___ INFORMATION SHOWN ___
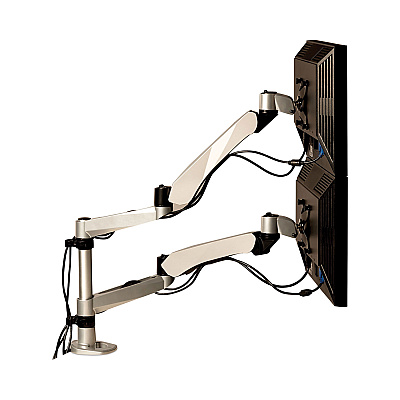 3M Easy-Adjust Desk Dual Arm Mount for 27" Monitors, 360 deg Rotation, +90/-15 deg Tilt, 360 deg Pan, Silver, Supports 20 lb (MMMMA265S)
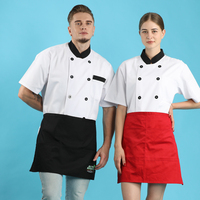 Uniforme de restaurant d'hôtel, veste de chef à manches courtes, uniforme de chef en sergé en polyester et coton, logo personnalisé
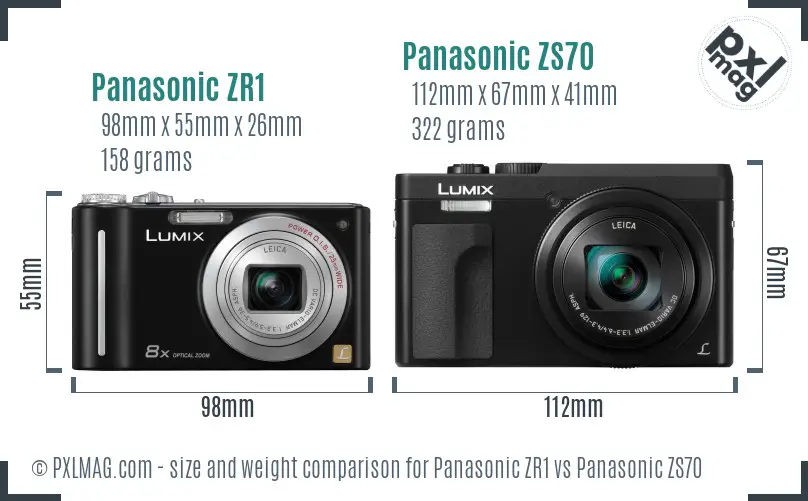 Panasonic ZR1 vs Panasonic ZS70 size comparison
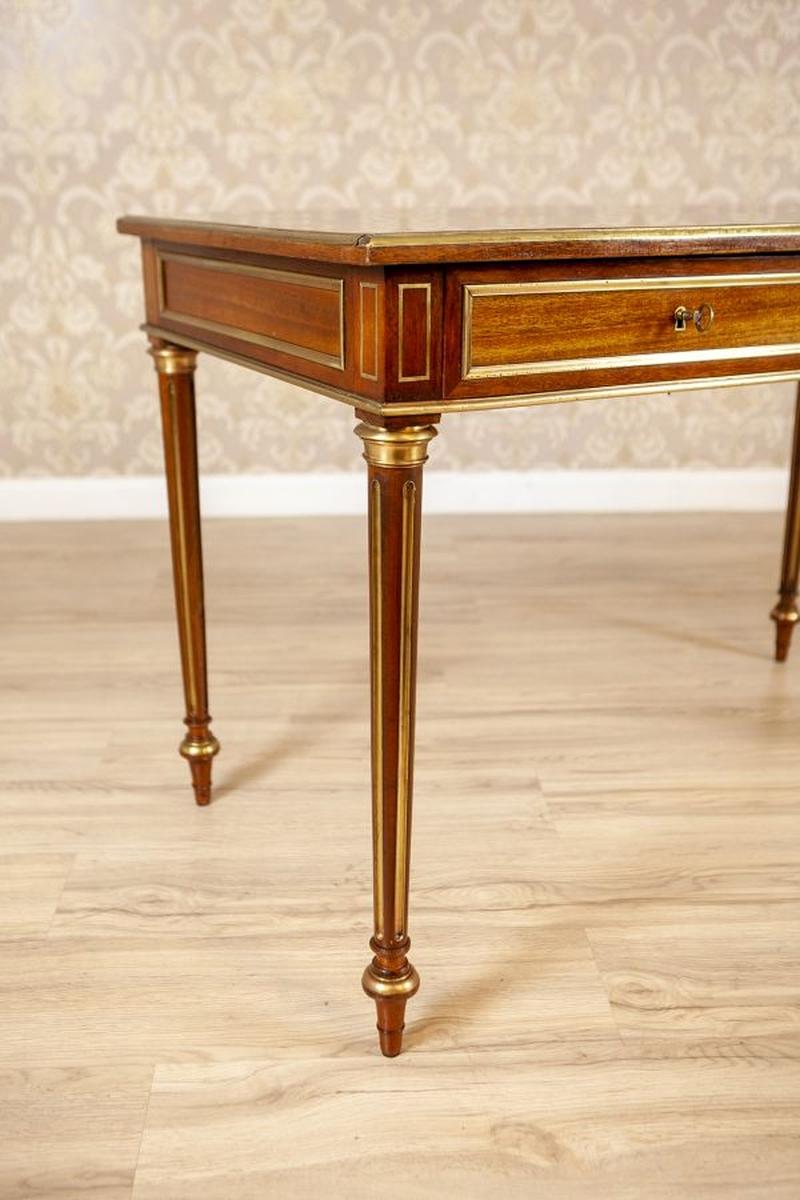 Mid-20th Century Vintage Neoclassical Writing Desk Inlaid With Brass, 1950s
___
(AIM OF THE TASK):
Leave every picture out and copy precisely the lines from the one containing "Panasonic ZR1 vs" through the last line of the data above, both ends included.

(YOUR SOLUTION):
 Panasonic ZR1 vs Panasonic ZS70 size comparison
 Mid-20th Century Vintage Neoclassical Writing Desk Inlaid With Brass, 1950s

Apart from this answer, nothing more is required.